C'è anche Cafè Days, Back Where You Belong, The Billy Boys, dalle opere più famose a quelle meno conosciute, tutte legate da un’atmosfera magica e pericolosa, incorniciate e avvolte nelle sale dello splendido Palazzo Velli.
L’autore, tra i più importanti artisti contemporanei, nonostante alcuni critici l’abbiano tacciato di populismo e scarsa immaginazione, riesce, grazie alle sue capacità artistiche, a far immergere lo spettatore in un mondo altro, caratterizzato da un linguaggio ben definito, il chiaroscuro, le spiagge scozzesi, i nudi ed i soggetti femminili in primo piano e le scene rubate a qualche film di gangster.

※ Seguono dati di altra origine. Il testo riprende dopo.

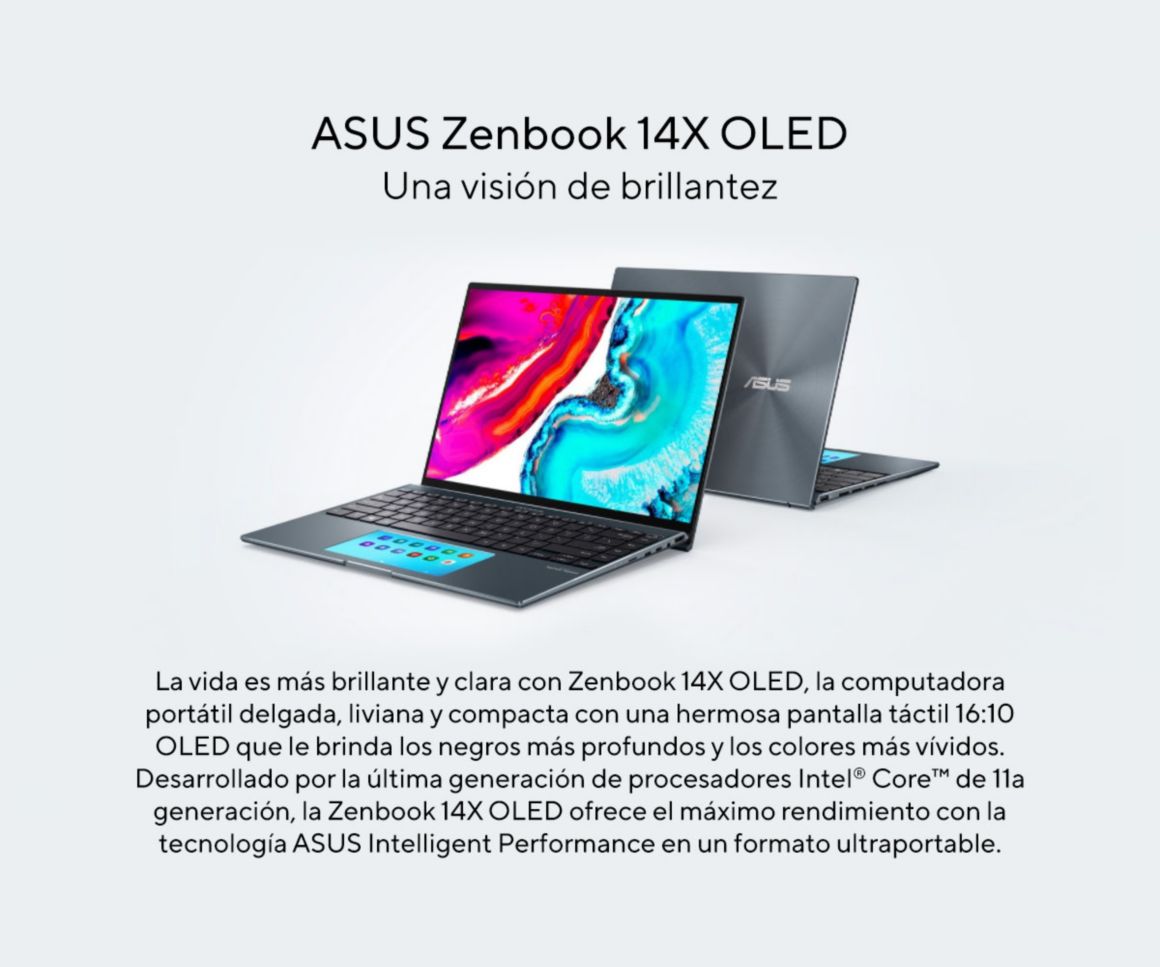 Zenbook 14X OLED Intro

Vettriano non annoia mai, nonostante i codici presenti in ogni quadro; si vede sempre qualcosa di nuovo o ci si concentra sul dettaglio preferito mentre si immagina la storia che ha portato a quell'accadimento.

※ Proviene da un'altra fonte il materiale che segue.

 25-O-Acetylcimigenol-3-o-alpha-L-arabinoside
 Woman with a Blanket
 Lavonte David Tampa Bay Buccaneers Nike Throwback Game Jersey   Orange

C’è libertà d’interpretazione, cosa difficile da creare su carta, ma lui ci riesce rendendo anche lo spettatore in un qualche modo artista, per quanto solo nella sua immaginazione, di scene che proseguono dall’immagine che si sta vedendo o che muoiono lì.

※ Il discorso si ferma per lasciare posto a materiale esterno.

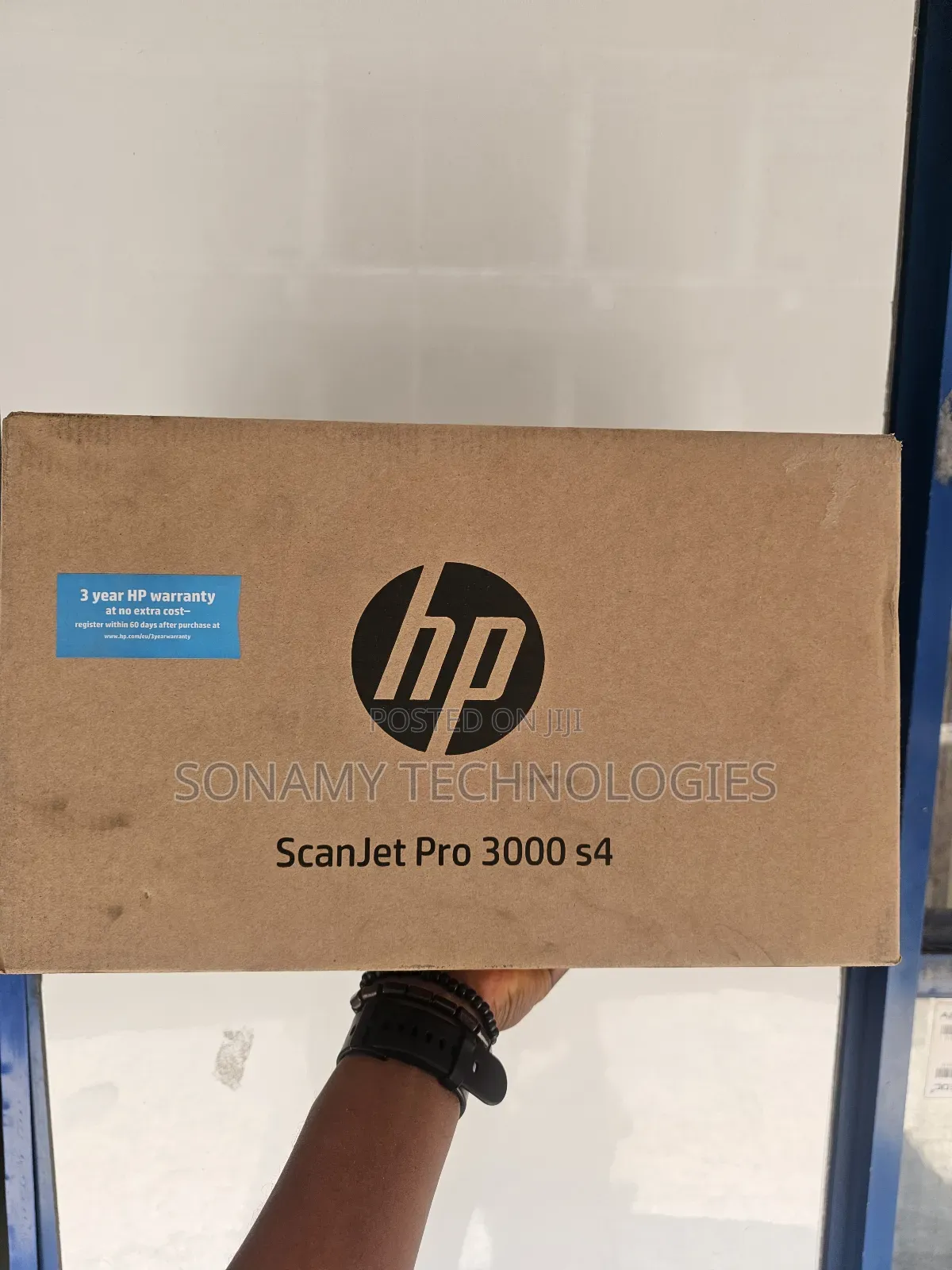 Hp Scanjet 3000 S4 Scanner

In Man of Mystery ci si può chiedere cosa succederà dopo che la protagonista dell’immagine avrà bevuto quel calice di champagne o come lei sia arrivata sul quel divanetto coperta solamente da una camicia da uomo.
Un artista contemporaneo dall’animo retrò che non regalerà più nuove opere al grande pubblico, ma che riuscirà a far sognare storie diverse ad ognuno dei suoi spettatori e ammiratori.